Here’s a helpful summary from the agent showing what this autonomous development cycle was able to accomplish:
Code profiling
Scenario: A developer needs to understand how long a function takes to execute to optimize system operation for latency, power, or another metric. This classic code profiling process uses pin toggling at the entrance and exit of a function to provide an externally measurable indication of execution time. For this test, I created a sketch with three simple functions that each block for a set period of time in a loop.
After a few test runs, I opened a new chat and instructed the agent to use the pin monitor to profile the sketch's three functions using a single pin. I had to specify that it could program the DUT multiple times to complete the task, but should revert the code back to its original state once testing was completed.
The agent methodically worked through the process, starting with FuncA() by adding a toggle at entrance and exit, then programming, running, and measuring. It continued with FuncB() and FuncC() without additional prompting, before presenting a timing chart. Impressively, the agent took an extra step in its findings by deriving an "expected" execution time based on the code and comments in the original sketch.
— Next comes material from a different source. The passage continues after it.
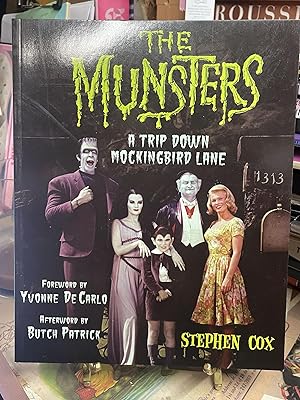 Immagine del venditore per The Munsters: A Trip Down Mockingbird Lane venduto da Chamblin Bookmine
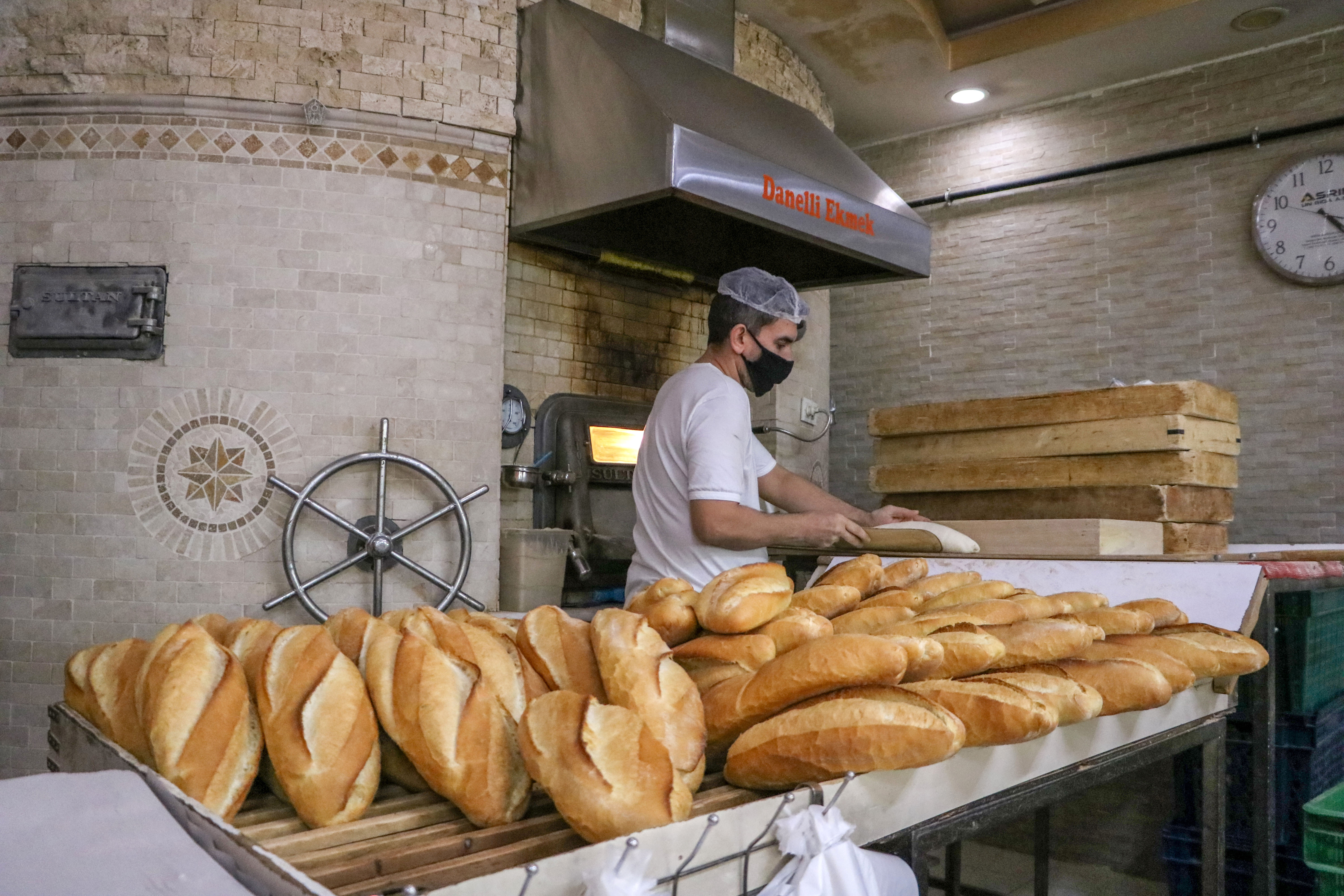 Flaş! Yargıtay, ucuz ekmek satışının 'haksız' olduğuna hükmetti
Proof of Concept Completed
These development mock-ups hint at how logic analyzers, oscilloscopes, and other instruments with MCP server interfaces could become invaluable for runtime debugging with agents in real-world scenarios. I'm eager to see how industry leaders like Tektronix, NI, Agilent, Saleae, and others integrate their products into agent-driven workflows. There are already numerous examples of instruments with AI running onboard to help with configuration and testing. It's likely that the optimal solution here will involve coordination between powerful, autonomous coding agents and instrument agents.
This series, along with another post in Switching Context, has explored how LLM-driven agents extend beyond chat windows into both digital and physical realms. I've always been fascinated by building functionality at the intersection of analog and digital worlds. Microcontrollers exist precisely at this crossroad. While software engineers have "Hello World" as their introductory example to verify system functionality, embedded engineers have "blinky"—the simplest possible embedded system application where a few lines of code create a visible change in the physical world. This connection between code and physical world is precisely what makes agent-driven instrumentation during embedded system debug so promising. It extends the capabilities of AI beyond text generation into tangible, measurable interactions with real-world systems.